* Assigned task
Drop the images. Copy every line below character for character.

* Raw data
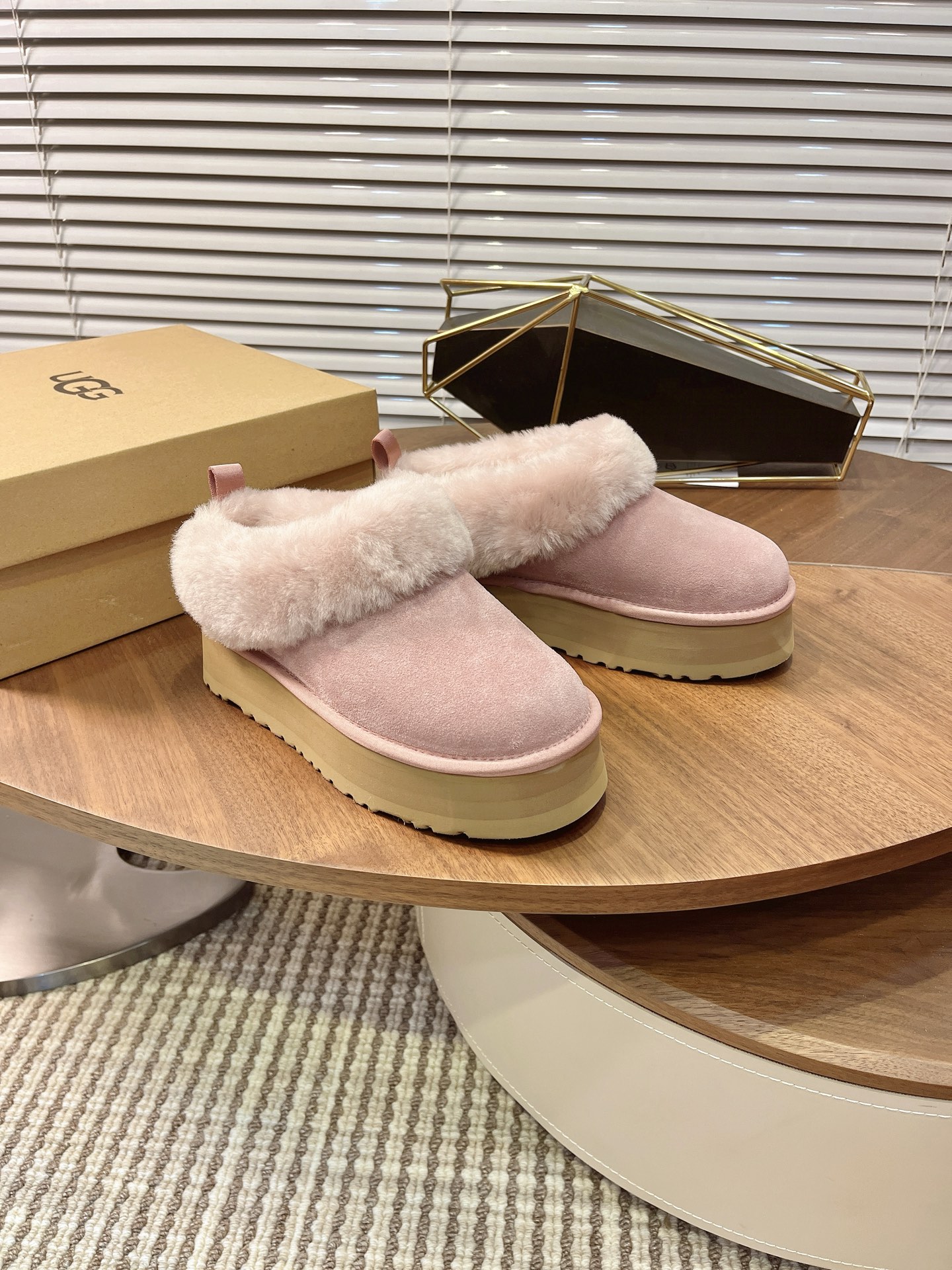 UGG 秋冬新款塔茨勒居家便鞋，内里真羊毛，三层半组合eva发泡大底◾️羊皮毛鞋鞋领，溢毛设计，可爱甜美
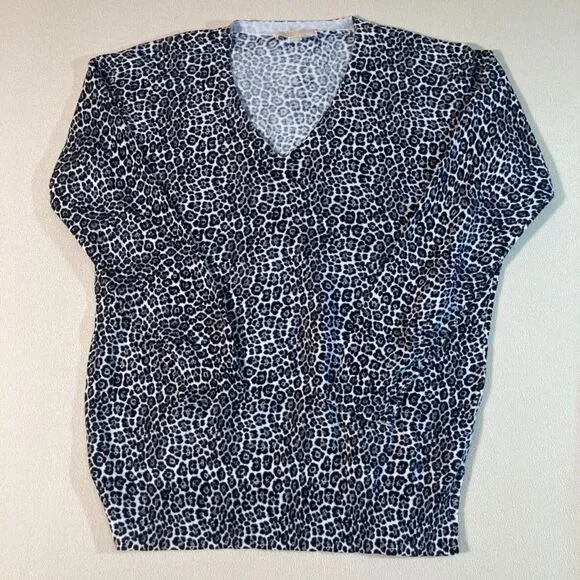 Michael Kors Sweater XL Black/Grey Animal Print V-Neck Soft Knit Casual Pullover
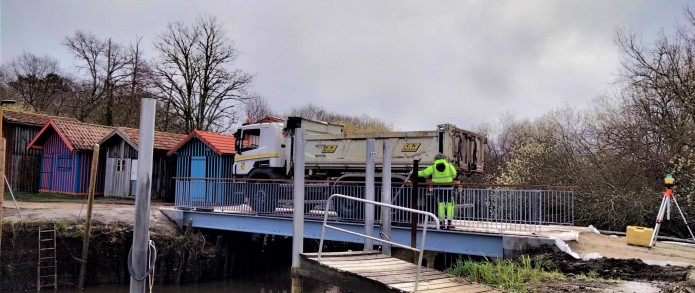 Biganos Remplacement du pont (43) 2.jpg Biganos Remplacement du pont (43) 2.jpg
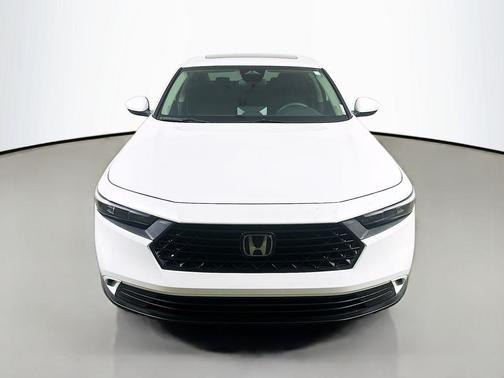 Platinum White Pearl 2024 Honda Accord EX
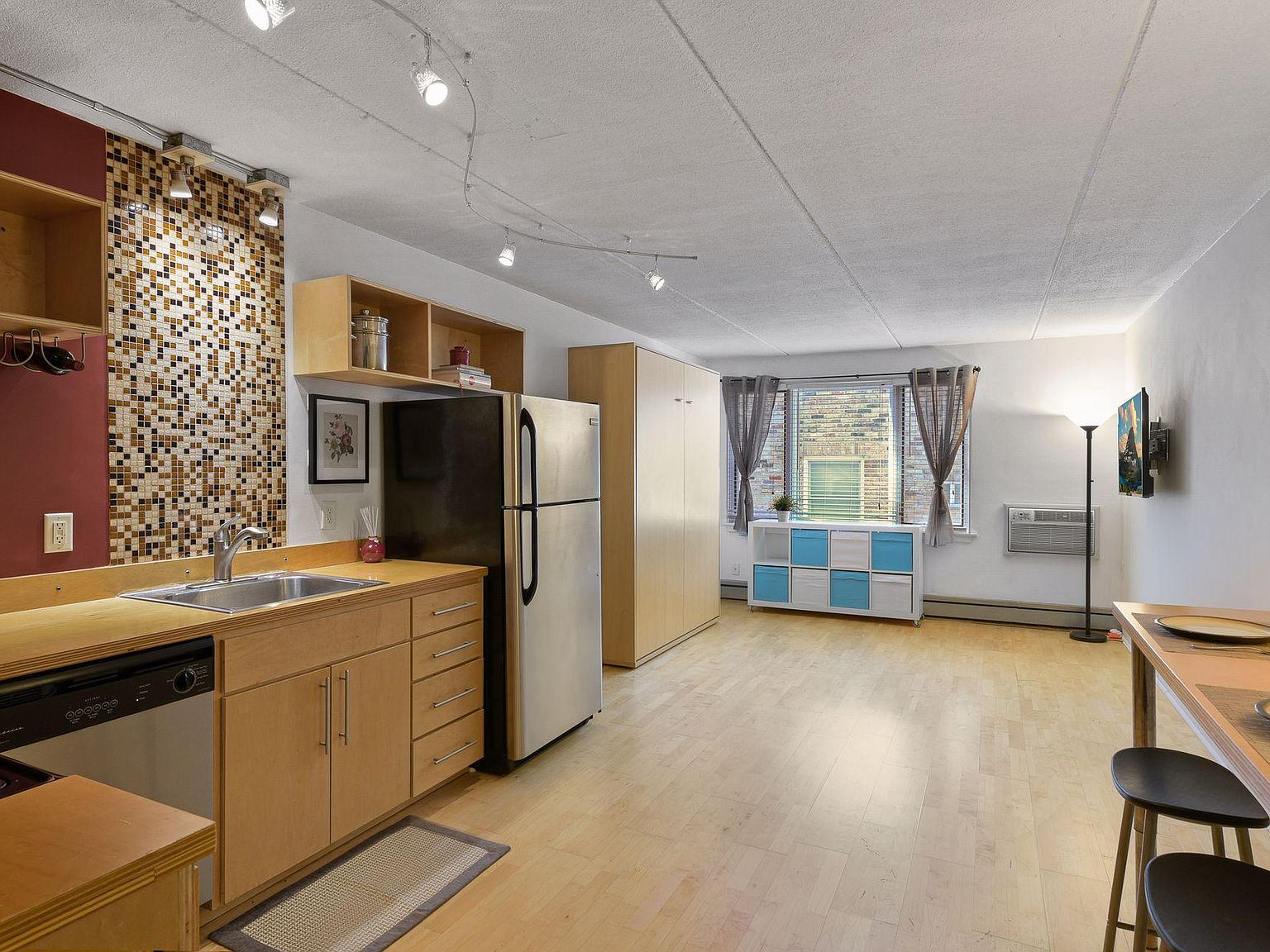 3512 Bryant Avenue South - 102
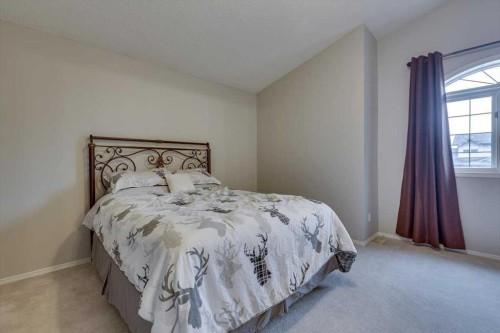 14 Lawrence Crescent, Red Deer, AB - Indoor Photo Showing Bedroom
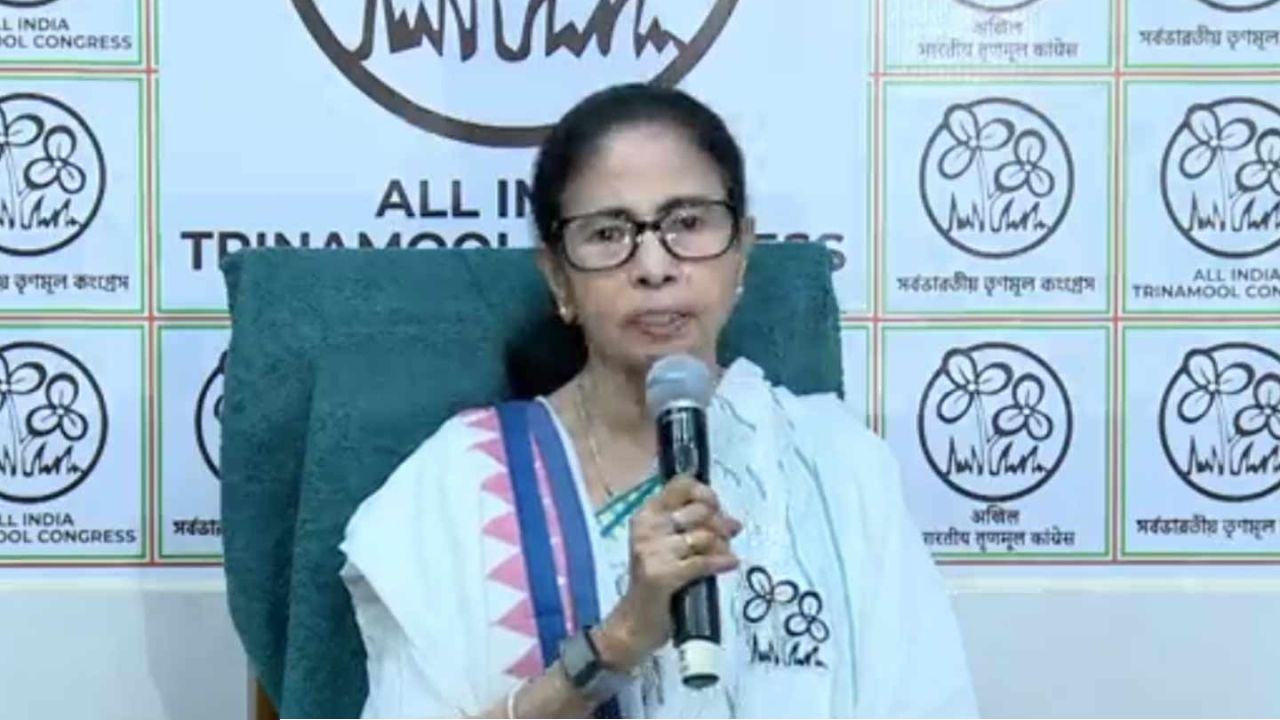 লক্ষ্য ২০২৬: প্রার্থী তালিকা ঘোষণা মমতার, &lsquo;বাংলার অস্মিতার লড়াইয়ে&rsquo; আত্মবিশ্বাসী তৃণমূল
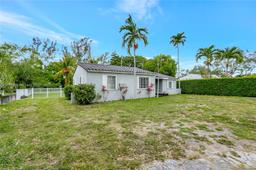 Picture of 10830 NE 10Th Ct, Miami, FL 33161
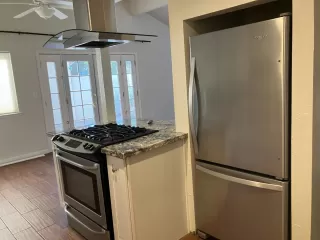 Photo #2: 223051533 Listing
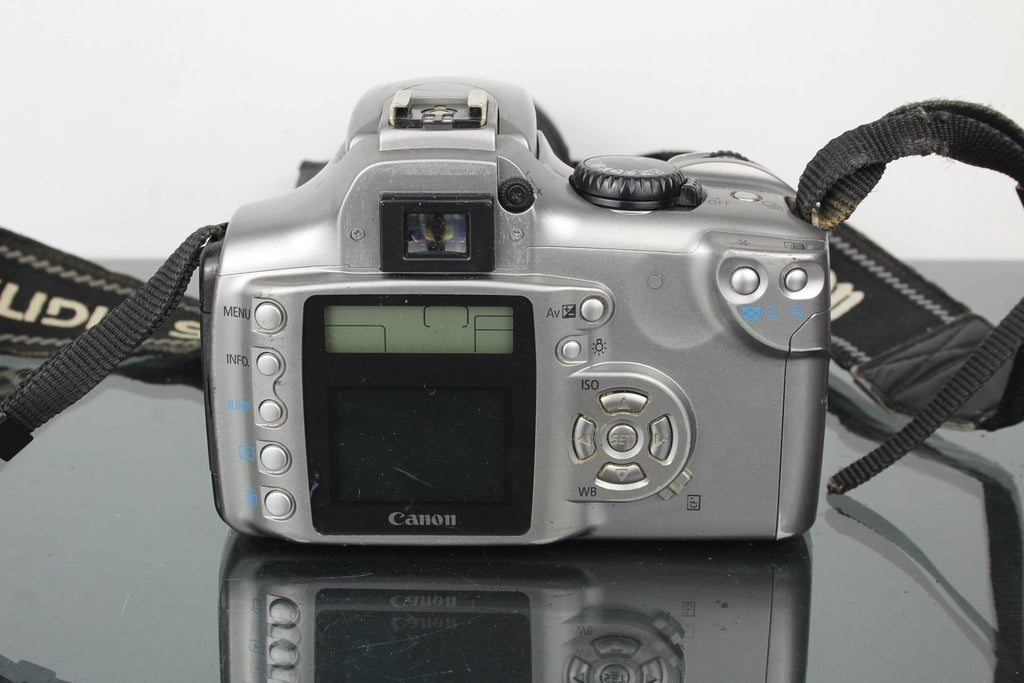 Canon EOS 300D + Tamron 80 - 210mm 1:4.5 - 5.6 lens - Dutch|Thrift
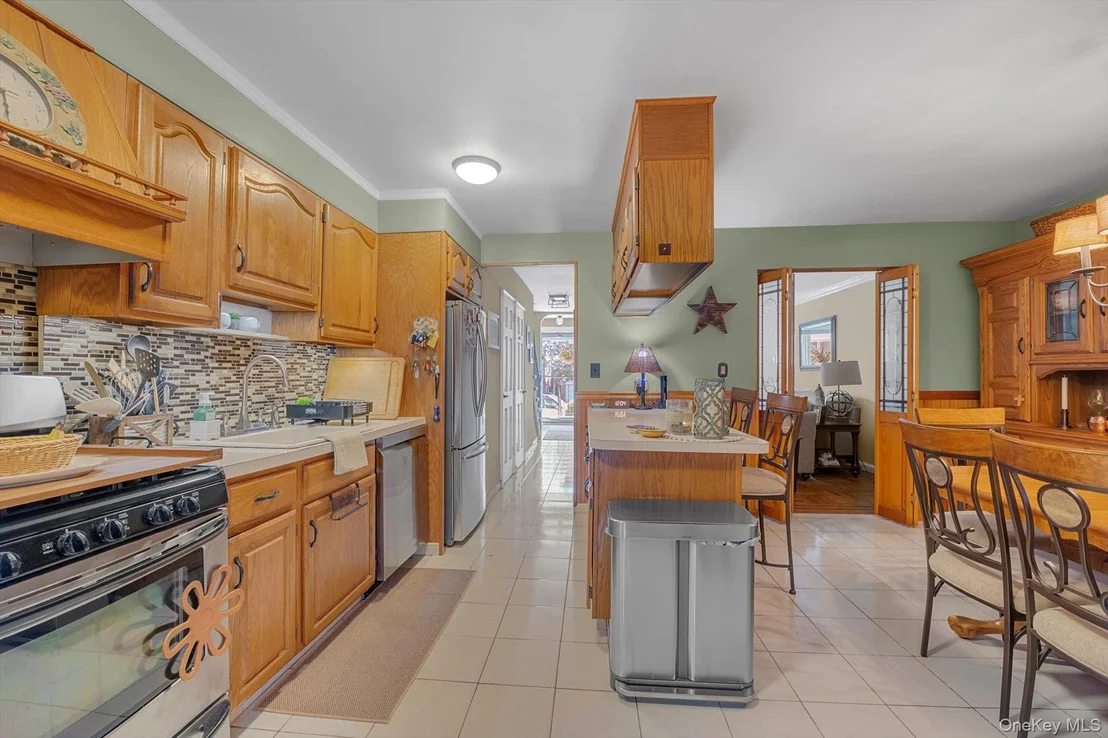 Photo of 2433 Young Avenue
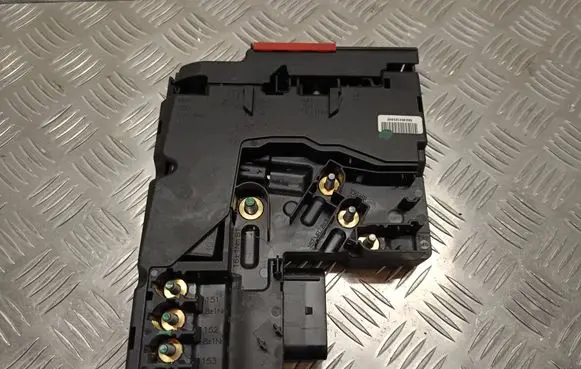 Mercedes-Benz E C207 W207 Positive wiring loom A2075402750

* Exercise solution
 UGG 秋冬新款塔茨勒居家便鞋，内里真羊毛，三层半组合eva发泡大底◾️羊皮毛鞋鞋领，溢毛设计，可爱甜美
 Michael Kors Sweater XL Black/Grey Animal Print V-Neck Soft Knit Casual Pullover
 Biganos Remplacement du pont (43) 2.jpg Biganos Remplacement du pont (43) 2.jpg
 Platinum White Pearl 2024 Honda Accord EX
 3512 Bryant Avenue South - 102
 14 Lawrence Crescent, Red Deer, AB - Indoor Photo Showing Bedroom
 লক্ষ্য ২০২৬: প্রার্থী তালিকা ঘোষণা মমতার, &lsquo;বাংলার অস্মিতার লড়াইয়ে&rsquo; আত্মবিশ্বাসী তৃণমূল
 Picture of 10830 NE 10Th Ct, Miami, FL 33161
 Photo #2: 223051533 Listing
 Canon EOS 300D + Tamron 80 - 210mm 1:4.5 - 5.6 lens - Dutch|Thrift
 Photo of 2433 Young Avenue
 Mercedes-Benz E C207 W207 Positive wiring loom A2075402750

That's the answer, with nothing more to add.